Differentiable Model Predictive Control

Updated 28 March 2026

Differentiable Model Predictive Control is a framework that makes the MPC solution mapping differentiable, allowing gradient-based tuning of controller parameters.
It utilizes methods like KKT sensitivity analysis and unrolled backpropagation to integrate classical control with neural network components in complex dynamics.
The approach finds applications in robotics, UAVs, building automation, and reinforcement learning, offering scalability and enhanced safety in constrained systems.

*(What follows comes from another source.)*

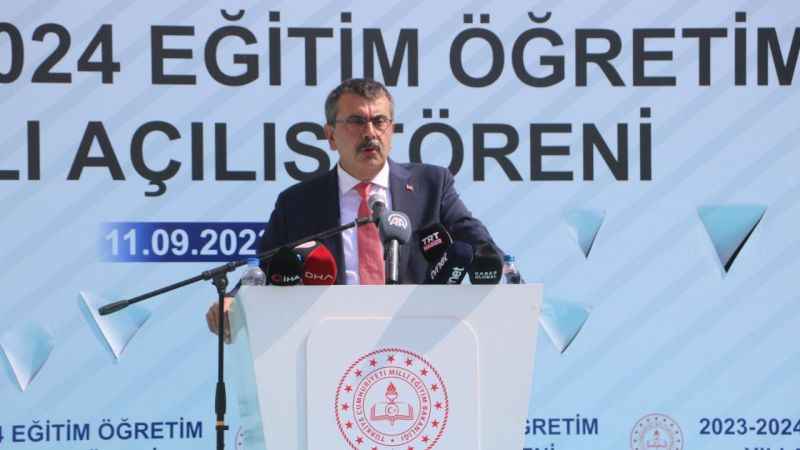 Milli Eğitim Bakanı Tekin: "Dijital bağımlılık ve obezite ile mücadele edeceğiz" Milli Eğitim Bakanı Tekin: "Dijital bağımlılık ve obezite ile mücadele edeceğiz"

Differentiable Model Predictive Control (MPC) refers to a family of control and learning methods wherein the solution mapping of the Model Predictive Control policy is made differentiable with respect to problem parameters, states, or embedded model parameters. This differentiability can be leveraged for efficient policy learning, cost function tuning, system identification, and end-to-end reinforcement or imitation learning. Differentiable MPC integrates automatic differentiation through the entire closed-loop control graph—comprising the MPC optimization layer, possible neural network components, and system models—enabling direct and scalable optimization of controller parameters by gradient-based methods. This approach is particularly important for systems exhibiting nonlinear, constrained, or partially unknown dynamics, and it enables advanced performance tuning in both real and simulated environments (Drgona et al., 2020, Zuliani et al., 14 Nov 2025).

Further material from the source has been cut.